Debugging Elfeed with DTrace

If you don’t follow Chris Wellons over at nullprogram.com, you really should. Wellons always has interesting posts, and often discusses fascinating technical details. He’s shown me how to do things that I didn’t know Emacs could do like rendering fractals. His posts on the Elfeed DSL implementation and working with Emacs strings are brilliant and every Elisp programmer should study them.

A while back, he got a bug report about Elfeed occasionally failing. The bug was not reproducible and Wellons couldn’t get it to happen on his machine at all. I’ve also never experienced it so it’s not common. That makes it particularly hard to debug.

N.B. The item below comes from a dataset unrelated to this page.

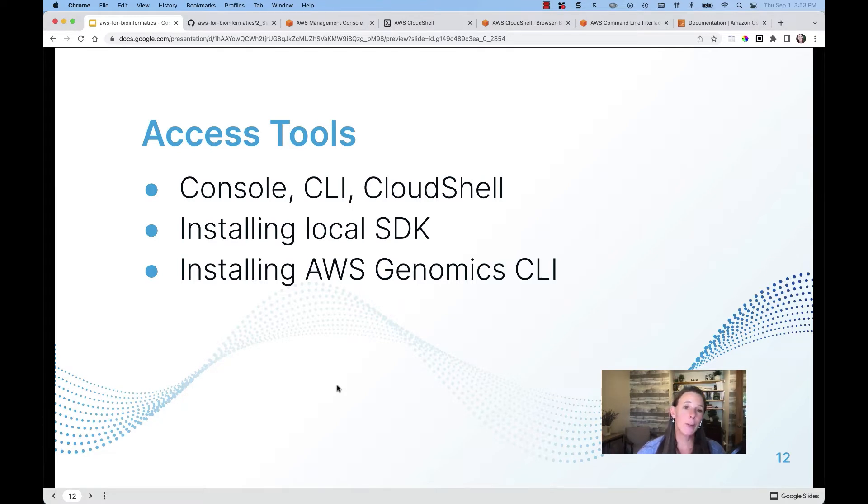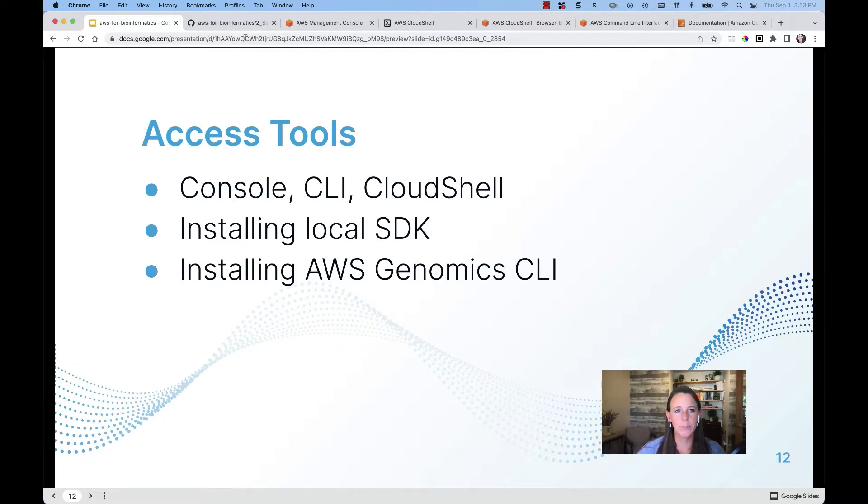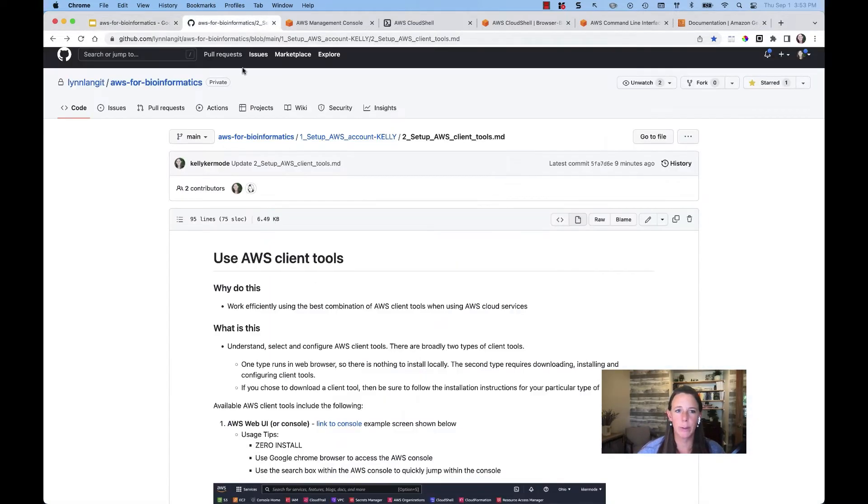I'll be introducing the AWS Genomics CLI, but we are going to be working with that more in detail later in this course. So let's head over to our repo.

Wellons knew that the problem was somewhere between Curl, which takes care of downloading the RSS XML, and Elfeed. It could be in Curl, in Emacs, or in Elfeed itself. Wellons realized pretty quickly that what he needed was DTrace but that’s not available on Linux, which he uses, so he decided to install FreeBSD on a Raspberry Pi that he had sitting around and do his debugging there. Serendipitously, that had the added benefit that it caused to bug fire reasonably reliability. Using DTrace, he was able to discover what was happening. Be sure to follow the link and discover what that was and see the details of his debugging. One of the unexpected benefits of his fix that affects us all is that Elfeed is now much faster. I saw a dramatic increase in the speed of Elfeed’s RSS downloading. Until I read his post, I didn’t know what had happened.

This is a great post and I learned some new things from it. You probably will too so it’s definitely worth your while.

Update [2018-01-25 Thu 13:03]: Insert missing comma so the sentence makes sense.